Le 6 décembre, le pape François avait du reste fait l’éloge de l’Italie du Sud qui, en accueillant Kabobo et les autres, avait « été un exemple de solidarité pour le monde entier ».

L’abbé Angelo Cassano, l’ami des migrants
Tout n’est pourtant pas encore parfait à Bari, comme l’avait souligné en septembre l’abbé Angelo Cassano, un curé spécialisé dans l’accueil des clandestins. Tout en se réjouissant hautement des propos de François pour « réveiller le sens de la solidarité » dans la ville, il ne s’en disait pas moins « inquiet du niveau d’agressivité », qui se manifestait, à l’en croire, par « les agressions dans la rue contre les frères migrants, les nombreux, trop nombreux, petits épisodes d’intolérance raciale ».
L’ecclésiastique n’avait pas jugé bon d’évoquer la situation des chauffeurs de bus, qui sont en première ligne dans les échanges avec les immigrés.
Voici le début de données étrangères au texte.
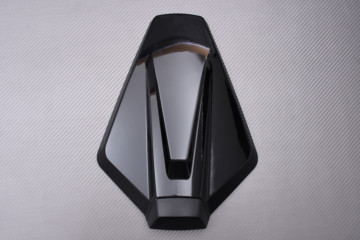 Soziusabdeckung KTM RC 125 / 390 2022 - 2025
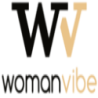 WomanVibe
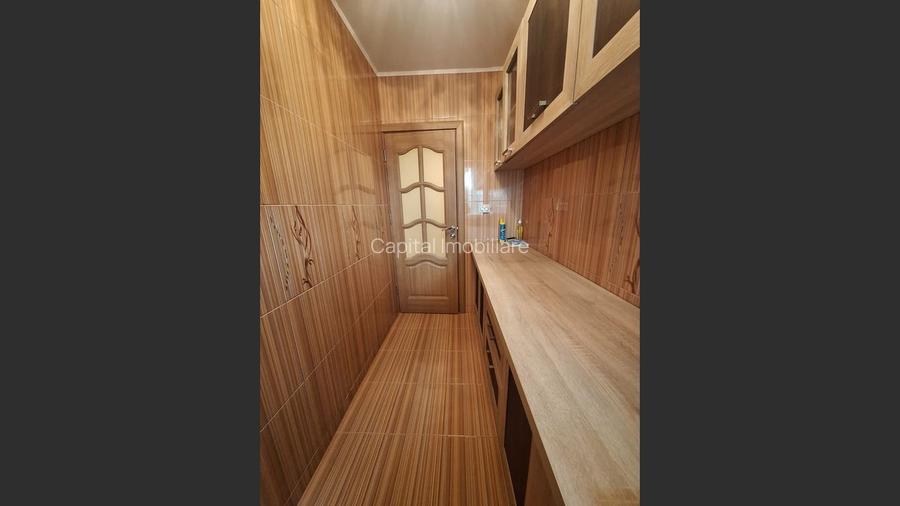 Apartament 2 camere Parter 46 mp + boxa, Spital Movila - 5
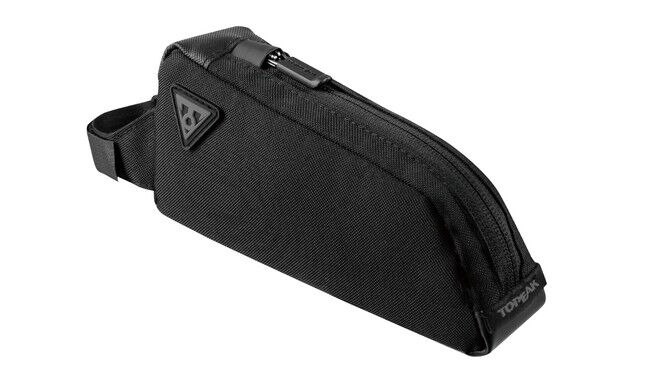 Сумка на раму Topeak FastFuel Bolt-On - фото 1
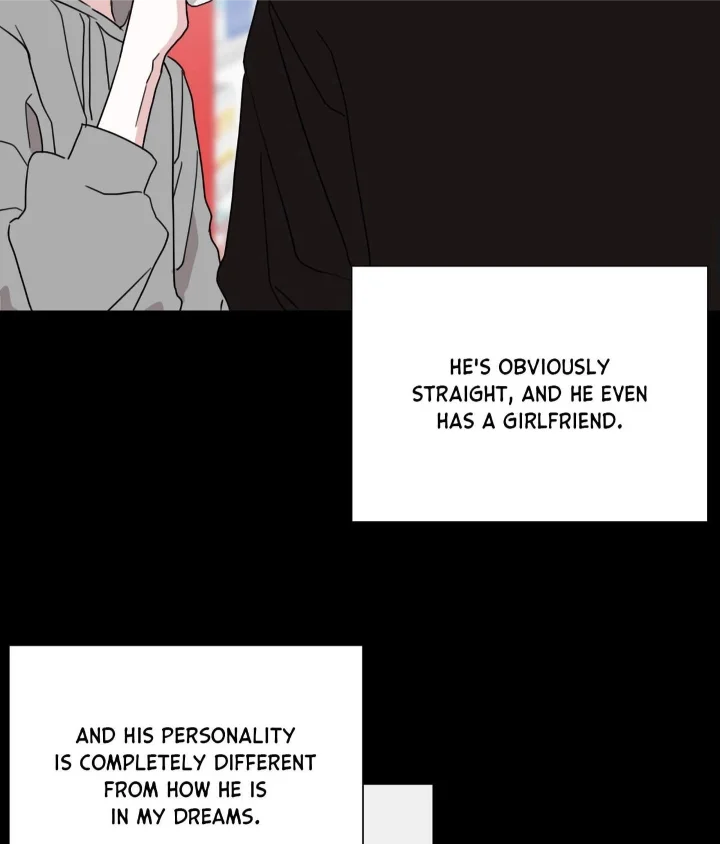 Little Bit Psycho - Chapter 38 Page 2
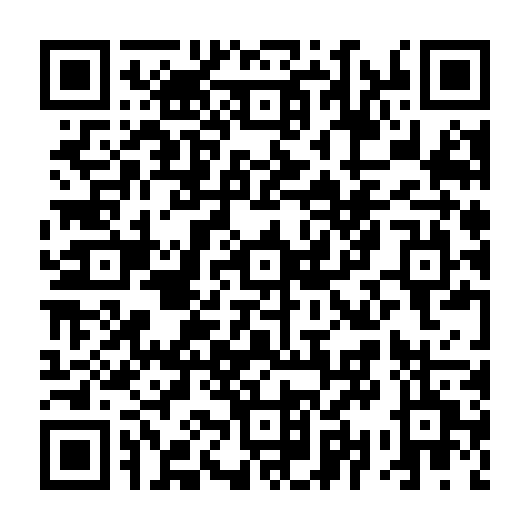 QR code for plate RPS 295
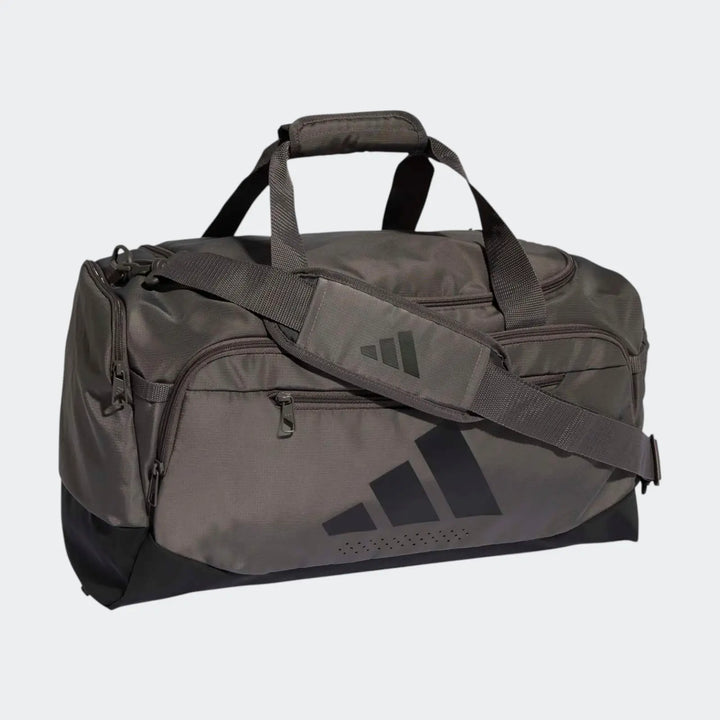 Training Defender Duffle Bag Small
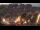Webcam in Collioure, 0 km entfernt
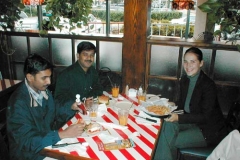 pa040139-vi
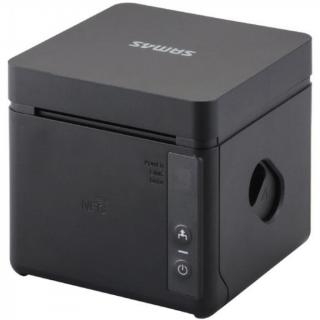 Продам Gcube POS принтер чеків Ethernet 80 мм - фото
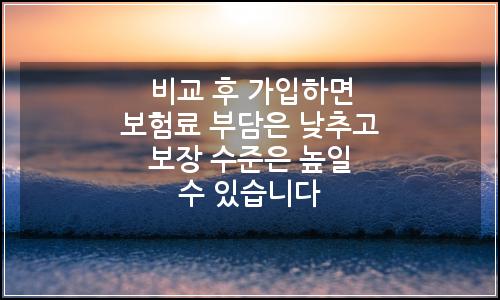 오늘의 이미지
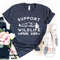 MR-1962023105840-support-wildlife-raise-kids-funny-shirt-for-mom-mothers-day-heather-navy.jpg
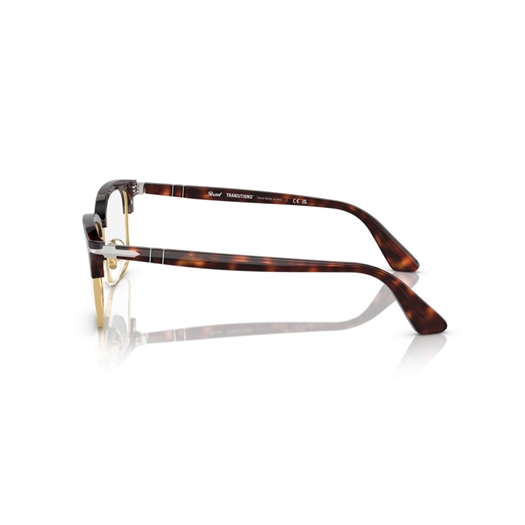 PERSOL 0PO3327S - 24/GJ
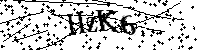 Моля въведете буквите и цифрите по-долу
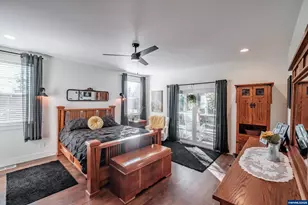 41222 Hwy 228, Sweet Home, OR 97386 - Photo 15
La mise en place, en 2009, d’une navette gratuite réservée à ces derniers entre le Cara (centre d’accueil pour les demandeurs d’asile) et la gare de Bari, n’a pas empêché les autobus et leurs chauffeurs d’être régulièrement pris pour cible.
Lors de la grande émeute de Bari en août 2011 – avec la participation de notre frère migrant Kabobo –, les clandestins avaient pris d’assaut un autobus, faisant de nombreux blessés. On avait échappé de peu à un massacre puisque les Africains allaient mettre le feu au véhicule, où se trouvaient encore le chauffeur et trois femmes, si un policier n’était courageusement intervenu tout seul pour les en empêcher.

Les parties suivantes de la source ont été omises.